What game? The popular game among “The Woke” of excoriating past events and selecting historical individuals [removing memorials, names of places, etc.] to be attacked for societal attitudes. Also off-target: claiming accountability against vulnerable institutional targets [church, government].

Colonialism. Why isn’t there more nuanced conversation? What can one do with history one wishes hadn’t happened? Apparently, many think the answer is to identify individual evildoers in the present and hold them responsible. But it’s a collective sin: Europe as a whole society/civilization in the 19th century was sure it was better than others. Its elite was happily culturally ego-centric in its superiority complex. That’s straightforward fact. How does settler-civilization compensate for that?

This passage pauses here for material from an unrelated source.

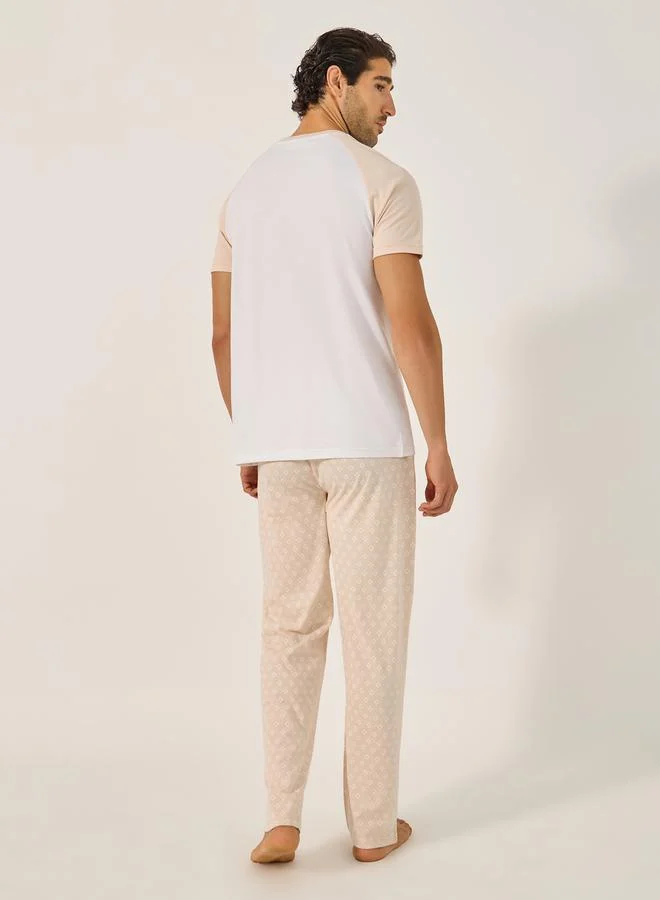 Styli Color Block Raglan Sleeve T-Shirt and Printed Pyjama Set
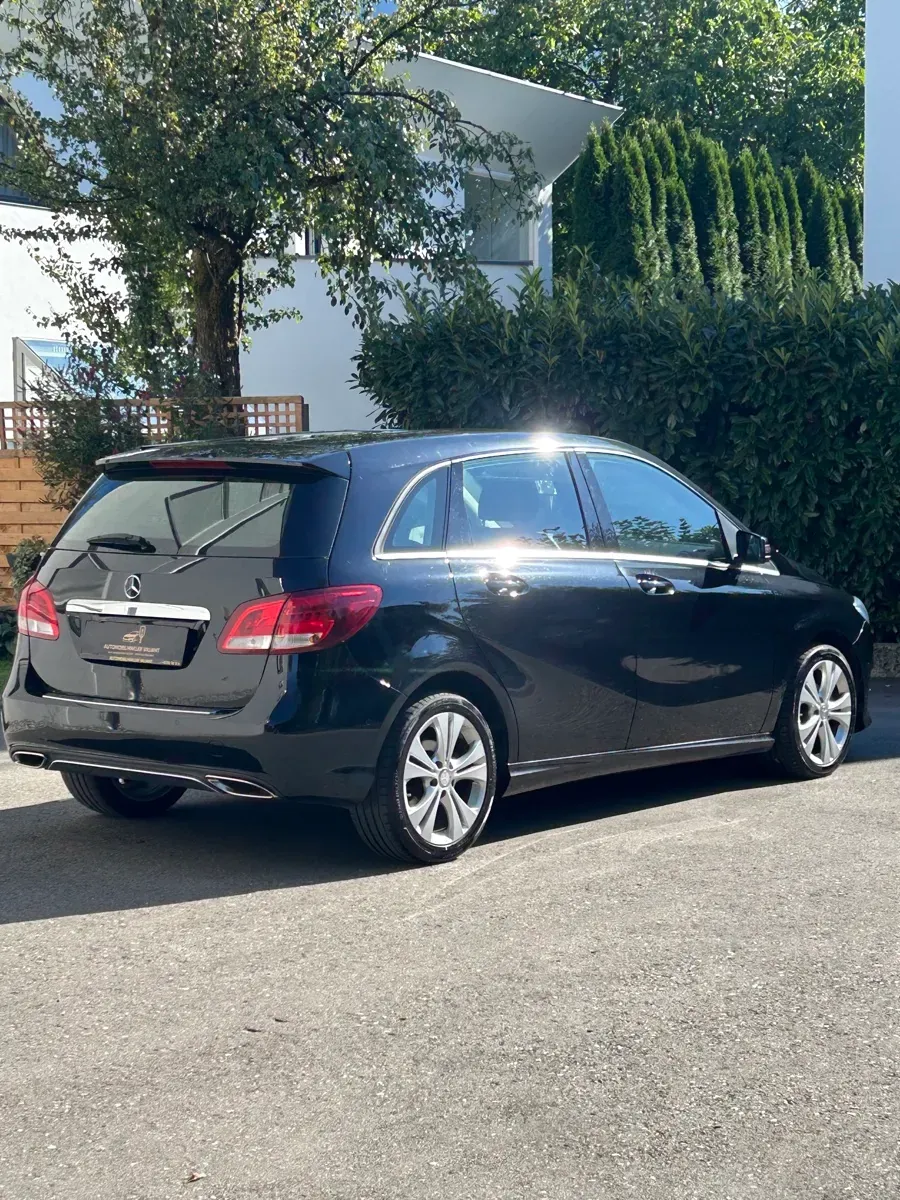 Mercedes-Benz B-Class 2015 photo 3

This needs constantly to be made prominent; Europe wasn’t unique in this egoism. Most societies of the past are guilty of “othering” strangers – the people not inside. That Europe and the USA until recent times upheld racialist views, is no cause for celebration — but neither is it cause for shame just for being descended from that civilization. Racialism eventually lost respectability. We self-corrected.

Finding villains, making symbolic gestures — this is good policy? Demand governments, or churches, or some unit smaller than the whole of past society, must pay up – this makes sense? Think deeply on this, please. The assumed superiority of all things present to all past, is wrong; people of the past aren’t inferior because they thought differently. Relativism is imperative here.

I put my political weight and activism behind slogans like “Land Back!” and “Honour Treaties!” — rather than “Shame on settlers!” or “Decolonize your mind!” Symbolism or concrete gain? My bias is for the latter.